**SUPPLIED MATERIAL**
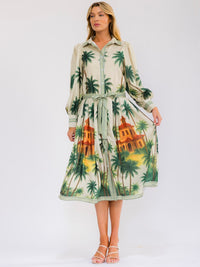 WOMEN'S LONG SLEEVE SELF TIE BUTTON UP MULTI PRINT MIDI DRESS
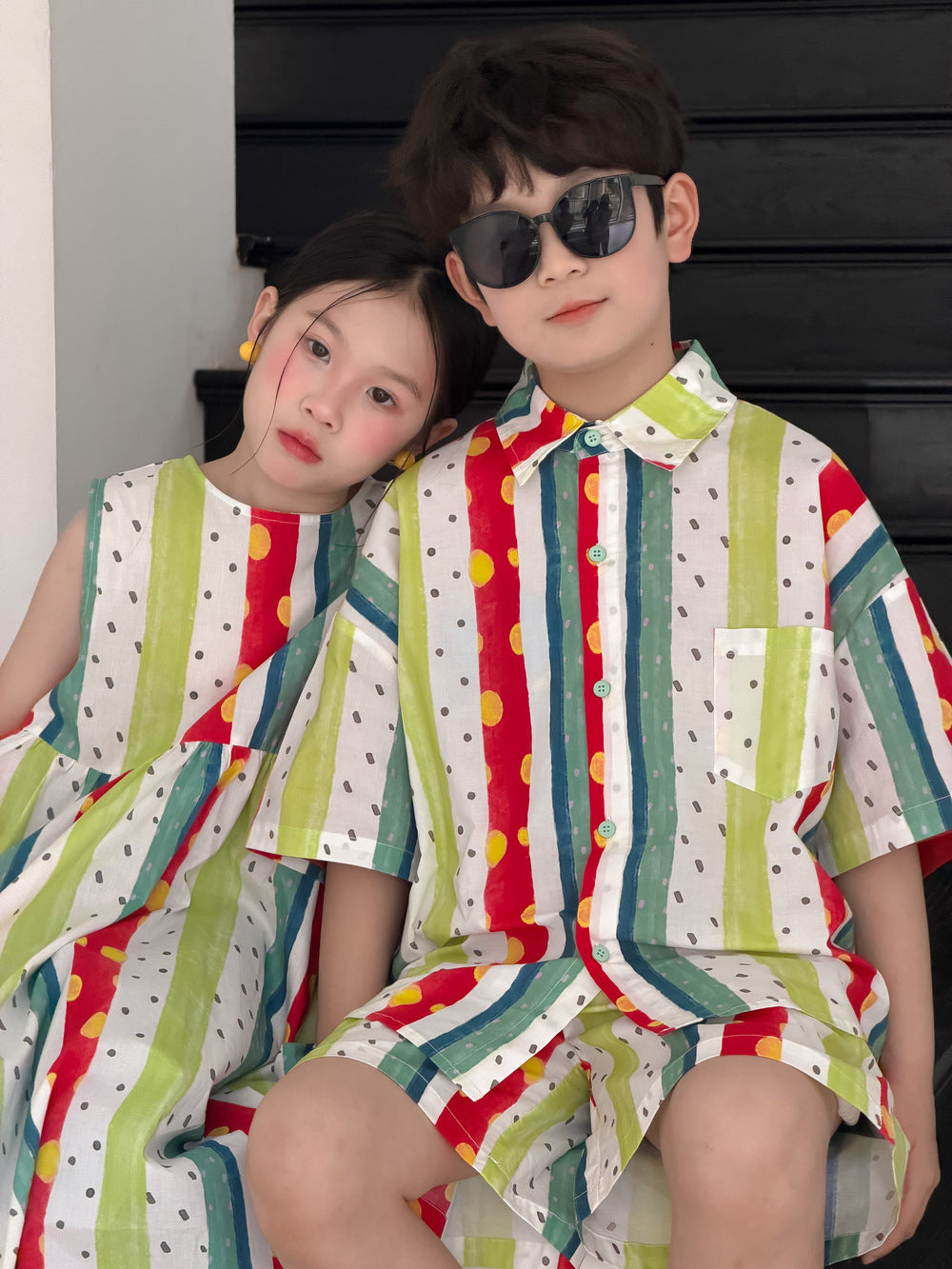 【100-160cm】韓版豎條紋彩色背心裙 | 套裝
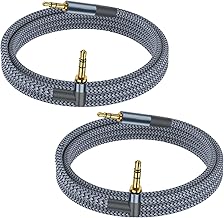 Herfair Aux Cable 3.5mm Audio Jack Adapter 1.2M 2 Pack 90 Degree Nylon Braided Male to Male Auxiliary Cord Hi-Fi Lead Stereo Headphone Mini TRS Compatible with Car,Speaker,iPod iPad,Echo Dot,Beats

**EXERCISE**
When you copy the listing above, reproduce every line exactly and skip the images.

**YOUR SOLUTION**
 WOMEN'S LONG SLEEVE SELF TIE BUTTON UP MULTI PRINT MIDI DRESS
 【100-160cm】韓版豎條紋彩色背心裙 | 套裝
 Herfair Aux Cable 3.5mm Audio Jack Adapter 1.2M 2 Pack 90 Degree Nylon Braided Male to Male Auxiliary Cord Hi-Fi Lead Stereo Headphone Mini TRS Compatible with Car,Speaker,iPod iPad,Echo Dot,Beats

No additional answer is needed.